10 El ángel les dijo: « No temáis, pues os anuncio una gran alegría, que lo será para todo el pueblo:
11 os ha nacido hoy, en la ciudad de David, un salvador, que es el Cristo Señor;
12 y esto os servirá de señal: encontraréis un niño envuelto en pañales y acostado en un pesebre. »
13 Y de pronto se juntó con el ángel una multitud del ejército celestial, que alababa a Dios, diciendo:
14 « Gloria a Dios en las alturas y en la tierra paz a los hombres en quienes él se complace. » (Lc. 2, 1-14)

María esperaba el nacimiento de su Hijo con expectación y adoración. Sólo Ella y José sabían quién iba a nacer y lo que se gestaba en el vientre de esta doncella y Virgen, María. Y he aquí que los hombres, César Augusto, manda hacer un censo de la población de su imperio. José no era de Nazaret, sino de la casa de David, en Belén de Judá. Todos tenían que ir a su ciudad de origen, así que José hubo de trasladarse con su esposa a Belén. Tres o cuatro días pernoctando en albergues comunes, donde los hombres se tumbaban junto a las bestias, que los habían transportado…

En nuestra apreciación podríamos pensar: ¡qué mala suerte para María, estando para dar a luz!. Pero Dios no piensa como los hombres y en su Providencia, para evitar toda sospecha del pueblo de Nazaret sobre el nacimiento de Jesús, alejó de allí a María y José y así Jesús nació en Belén, donde estaba profetizado que nacería el Mesías.

Lo que estoy supuso para la joven pareja, podemos un poco imaginarlo: María necesitaba soledad para dar a luz, de forma extraordinaria, al Hijo de Dios. Si su concepción había sido extraordinaria, Ella esperaba que así lo fuera su nacimiento, como así sucedió. Se sentían en el viaje inquietos por si no encontraban el lugar adecuado para que María diera a luz.
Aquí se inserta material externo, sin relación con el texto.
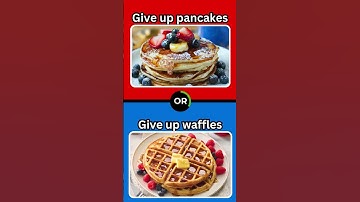 What would you rather Questions Hard Edition - Impossible to Decide!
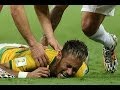FIFA World Cup 2014 Neymar S Injury BONUS 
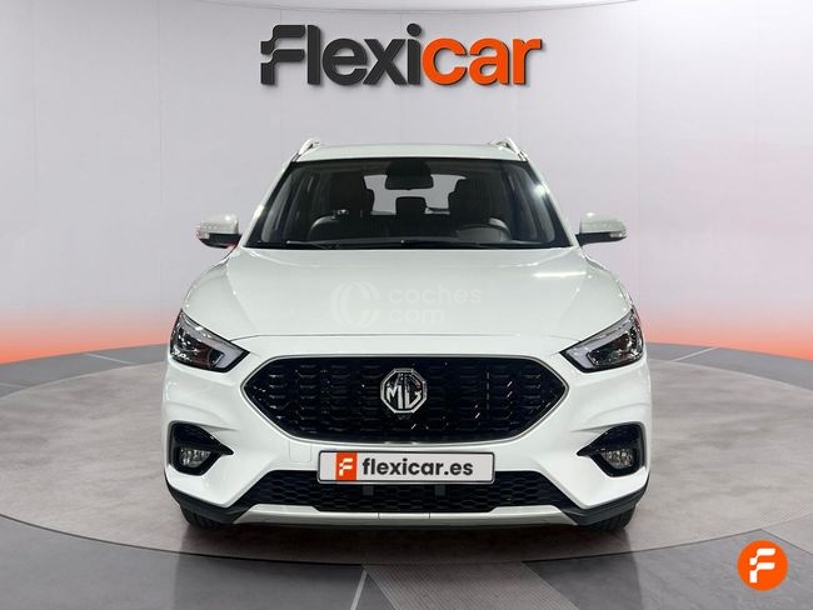 Foto del MG ZS 1.5 VTi-Tech Luxury 78kW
En los empadronamientos, las posadas y albergues estaban a rebosar de extranjeros. No hallando el sitio “apto”, optaron por las afueras de Belén, en una de tantas cuevas que servían de refugio a los pastores. Y en una de éstas nació el Hijo de Dios. María que lo esperaba, “lo envolvió en los pañales” que había traído de Nazaret. Es de imaginar que José aderezaría la estancia lo mejor que pudo. Ambos guardarían silencio ante la presencia de Jesús y fueron los primeros adoradores de la historia de la salvación, en espíritu y verdad.

Pero Dios no quiso que ellos solos fueran los testigos de este prodigio sobrenatural… Allá, no muy lejos, había unos pastores que pernoctaban al raso, velando sus rebaños… Y de repente, un ángel del Señor se les presentó y les anunció la buena noticia: “había nacido el Salvador, el Mesías, el Señor”. Y les animó a ir a adorarlo. Ellos, después de María y José, fueron los primeros en postrarse ante “el Mesías, el Señor”. Los pobres son los elegidos de Dios, los que no cuentan. Ellos pudieron contemplar a su Dios y Salvador. Ellos también presenciaron “una legión del ejército celestial que alababa a Dios con una alabanza nunca oída hasta entonces: “Gloria a Dios en el cielo y en la tierra paz a los hombres de buena voluntad”. El don de la Paz, traído del cielo, caía sobre todos los hombres buenos de todas las épocas.

Ante este evangelio de Lucas, no cabría sino el silencio y la contemplación orante de lo que sobrepasa nuestra inteligencia. Dios ha querido nacer hombre entre nosotros y salvarnos.

¡Adorémosle, junto con María y José, los pastores y los ángeles todos… y los hombres de buena voluntad!